**WORK INSTRUCTIONS**
Records follow. Print exactly the lines from the one that has "Used 2019 Jeep" through the one that has "Newark, DE 19702", inclusive, and omit the pictures.

**INPUT RECORDS**
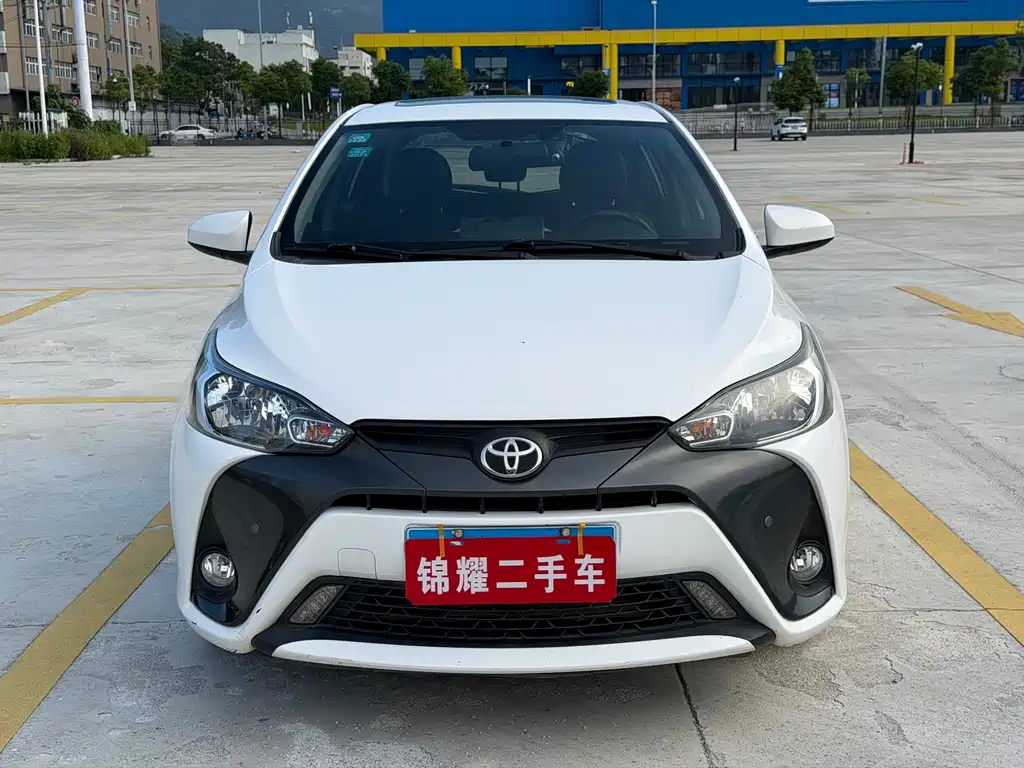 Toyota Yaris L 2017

==

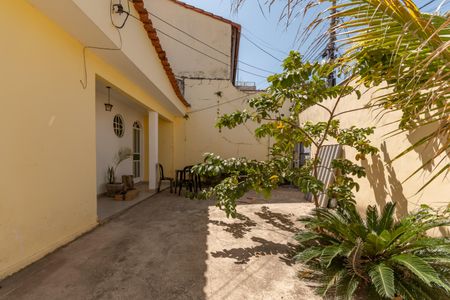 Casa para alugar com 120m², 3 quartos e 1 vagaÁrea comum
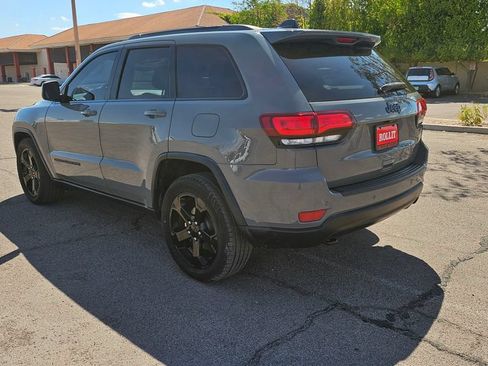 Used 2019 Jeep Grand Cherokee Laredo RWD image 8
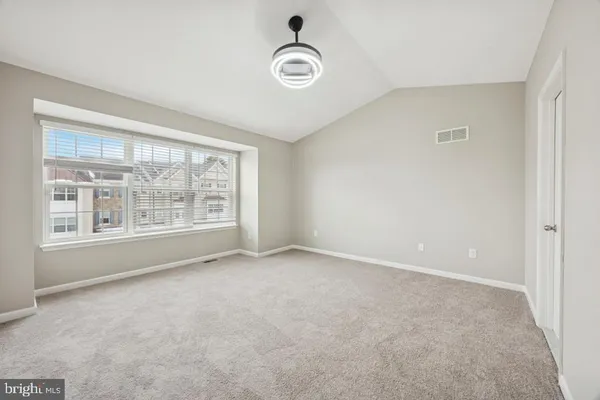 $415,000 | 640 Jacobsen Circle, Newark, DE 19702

**SOLUTION TO THIS TASK**
 Used 2019 Jeep Grand Cherokee Laredo RWD image 8
 $415,000 | 640 Jacobsen Circle, Newark, DE 19702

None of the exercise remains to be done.